The Data Highway to NetApp Cloud Volumes

Nine out of ten companies, according to research by IDG, will have some part of their applications or infrastructure in the cloud by 2019, and the rest expect to follow by 2021. A key driver is the explosive growth of unstructured data. But how do you move your data from on-premises to cloud without disruptive downtime? There are two parts to solving that challenge. First, we need a cloud service. Second, we need something that can move that data without business interruption.

NetApp Cloud Volumes is a file storage service that runs on your choice of AWS, Azure, or GCP. Cloud Volumes supports a wide range of NFS- and SMB-based workloads. This brings us to the second challenge. How do we painlessly lift data into NetApp Cloud Volumes from a variety of on-premises NAS storage solutions without downtime? Or more specifically, how do we ensure that applications and end-users can read and write data continuously during cloud migration?

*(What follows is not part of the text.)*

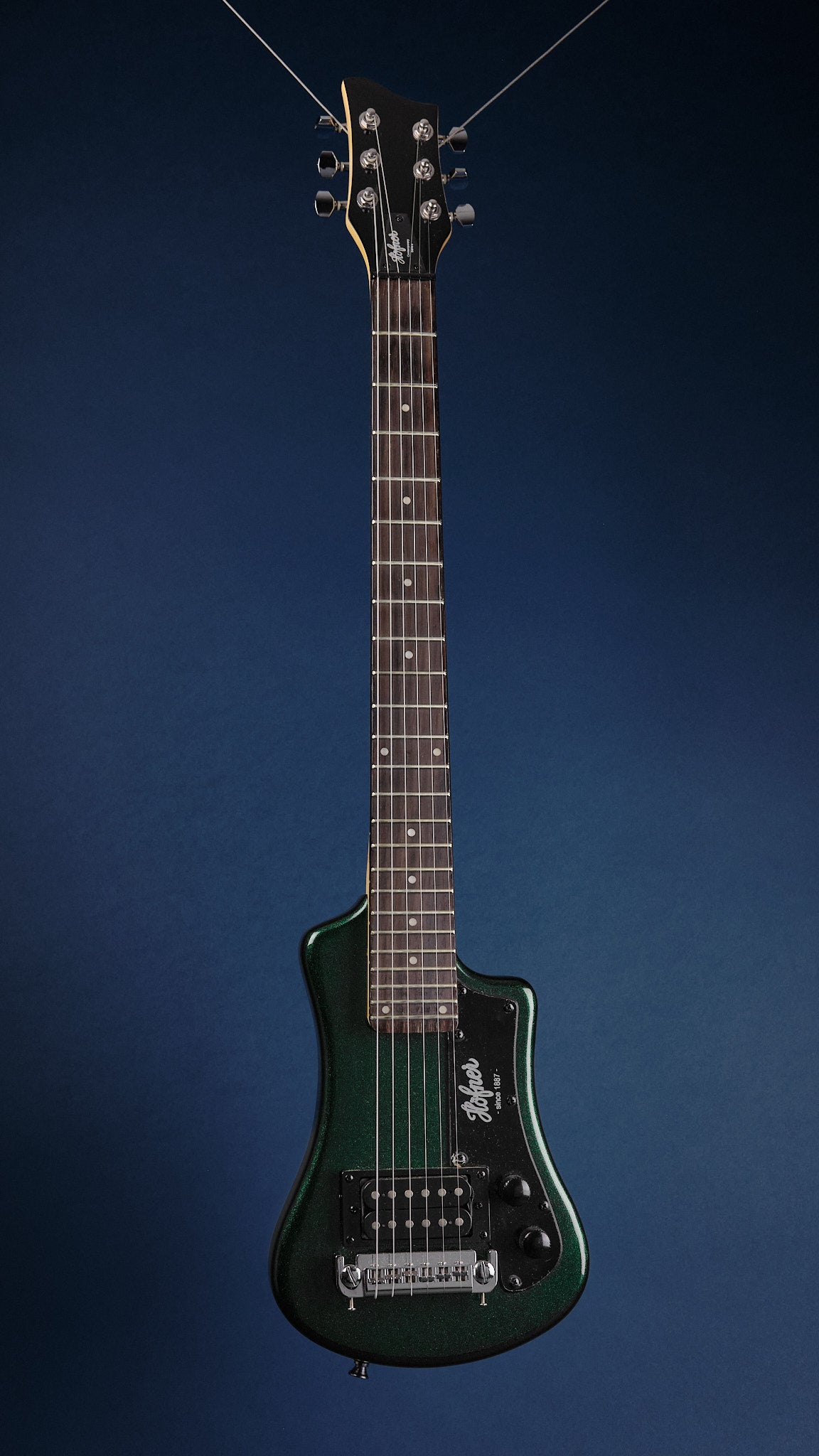 Hofner Shorty Travel Guitar Green Metallic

Hammerspace is a hybrid cloud file service that provides powerful data management capabilities to migrate data to Cloud Volumes simply, quickly, and without disruption to productivity. Hammerspace adds three powerful capabilities to NetApp Cloud Volumes:

  1. An active-active universal global namespace
  2. File-granular data management policy engine (aka Service Level Objectives)
  3. Non-disruptive live data mobility

The Hammerspace Difference

Universal Global Namespace

Hammerspace provides a single source of truth for data that stretches across your entire infrastructure. A global namespace virtualizes data to present a unified view of data to application workloads across mixed storage resources. Global data visibility and accessibility make it fast and easy to access data across sites. Data is transferred on-demand when needed, and by policy if desired. With a locally managed namespace available on each site, performance of the data and metadata is maintained without compromise while making the data available across distance.

Service Level Objectives

File-granular declarative policies and machine learning enable an automated transition to cloud. You control the volumes, shares, directories, files, or any combination thereof that you want to migrate to NetApp Cloud Volumes as well as the level of data protection and durability.

Live Data Mobility

Hammerspace data services support NFS, SMB, and S3; deploying advanced data layout techniques to seamlessly move data, such as files and snapshots, through the namespace, even during active read/write. WAN optimization keeps network traffic efficient with automatic global deduplication and compression, while data is encrypted end-to-end using customer managed KMS. Hammerspace calls this Data Mobility. Let’s take a closer look at how this works.

In the following example, an application opens a file and, subsequently, receives layout from Hammerspace. The application can now start I/O. Data Mobility is, subsequently, requested to move data set from one or more data center NAS to Cloud. Layout is then recalled, but file remains open (no data flush). A new layout is provided to the application without interruption (no I/O impact). The new write layout then points to the data mover (Hammerspace DSX) while the new read layout points to original source. The Data Mobility process starts to mirror data to Cloud Volumes.

 

When Data Mobility is completed, the same process is followed in reverse order. The layout pointing to the data mover and original source is recalled and replaced by new layout pointing to Cloud Volumes. The Data Mobility process completes without zero interruption to business processes.

Conclusion

 

NetApp Cloud Volumes Services comes in three flavors, one for each of the major three major cloud providers: Azure NetApp Files, Cloud Volumes Services for AWS, and Cloud Volumes Services for GCP. This allows customers to choose one or more, or any combination thereof, to support their business needs. NetApp and Hammerspace are enabling enterprises to adopt a hybrid multi-cloud strategy.